Source material: Begin
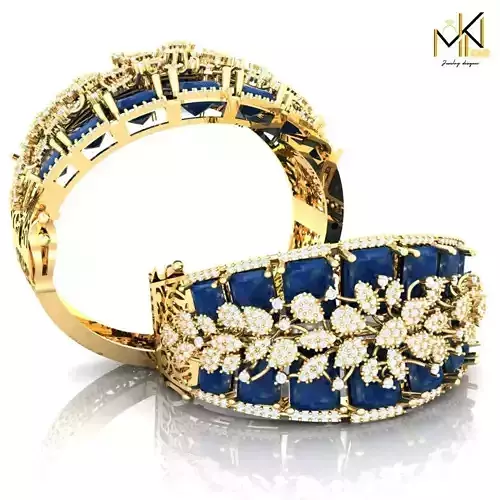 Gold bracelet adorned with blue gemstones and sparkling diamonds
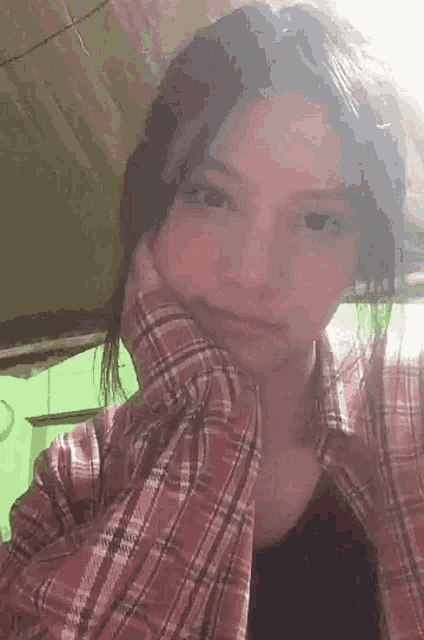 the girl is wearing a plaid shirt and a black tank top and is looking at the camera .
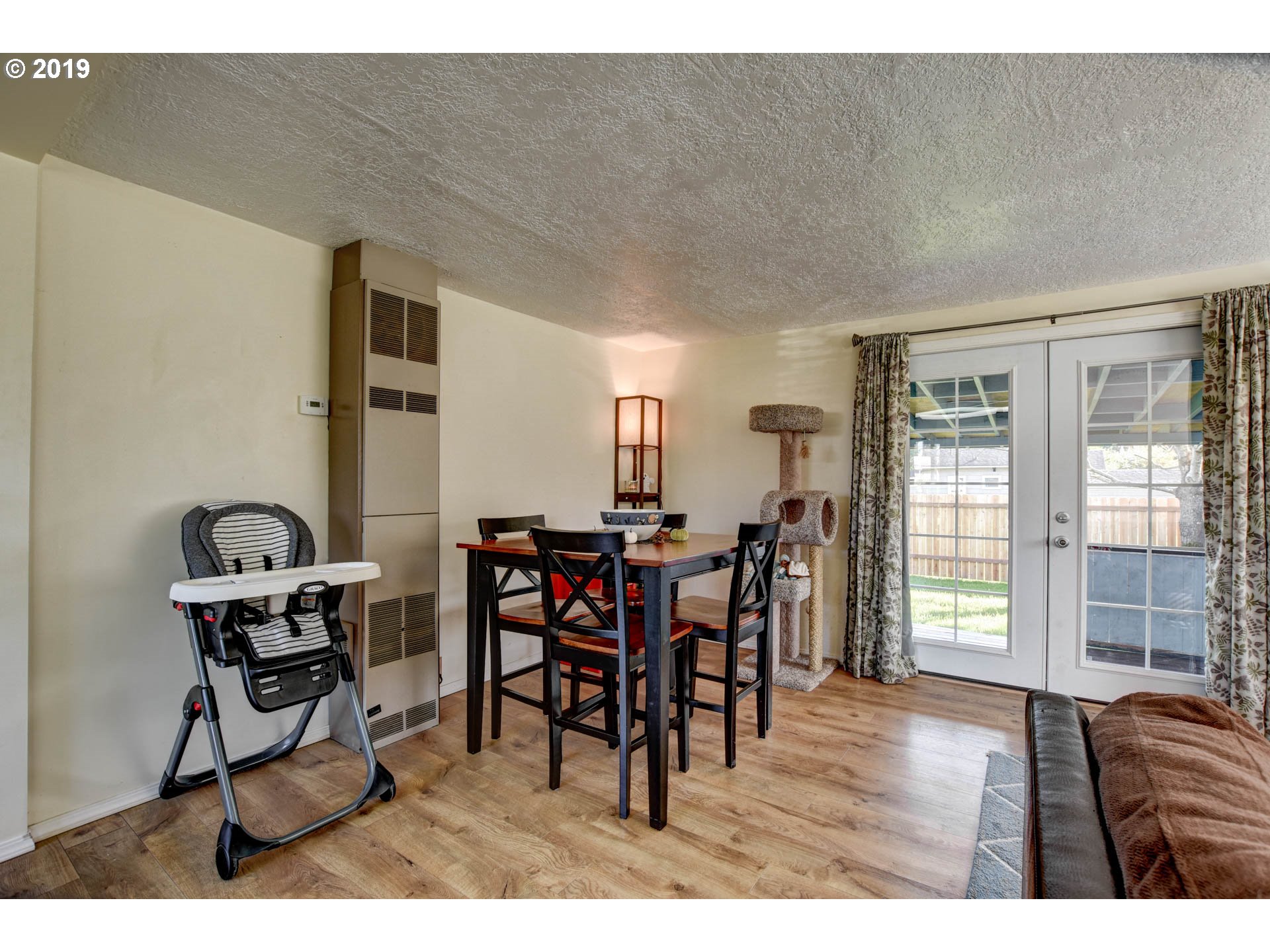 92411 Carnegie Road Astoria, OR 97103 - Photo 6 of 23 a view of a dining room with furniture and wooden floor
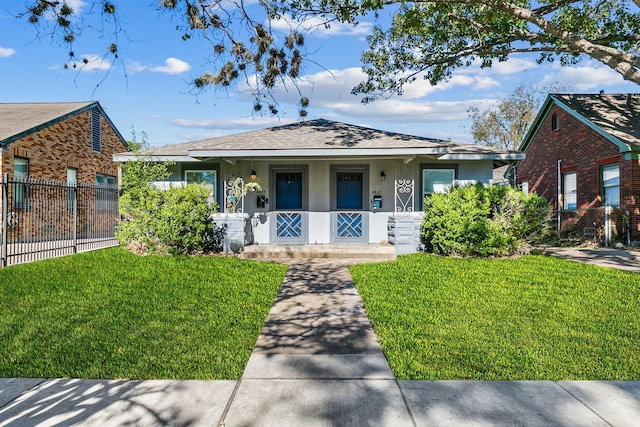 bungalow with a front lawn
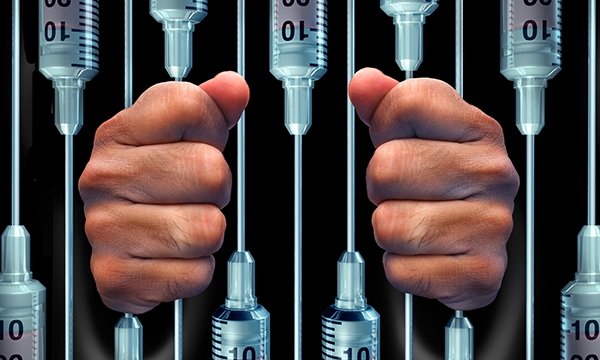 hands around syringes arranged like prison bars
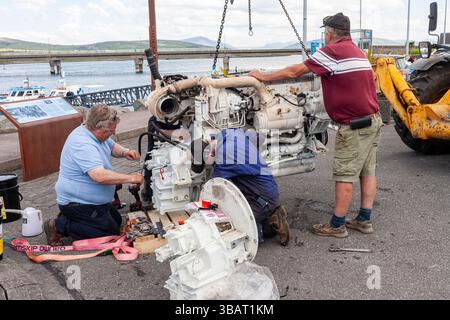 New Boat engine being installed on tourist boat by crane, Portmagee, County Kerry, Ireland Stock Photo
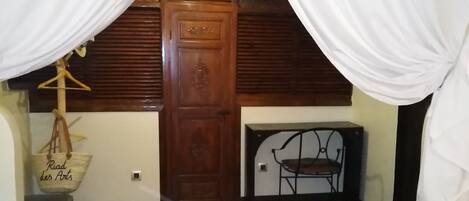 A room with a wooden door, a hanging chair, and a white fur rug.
Source material: End
▶ Exercise aim
Beginning with the line that contains "hands around syringes", write out every line through the last one in the records, exactly and without pictures.

▶ Problem solution
 hands around syringes arranged like prison bars
 New Boat engine being installed on tourist boat by crane, Portmagee, County Kerry, Ireland Stock Photo
 A room with a wooden door, a hanging chair, and a white fur rug.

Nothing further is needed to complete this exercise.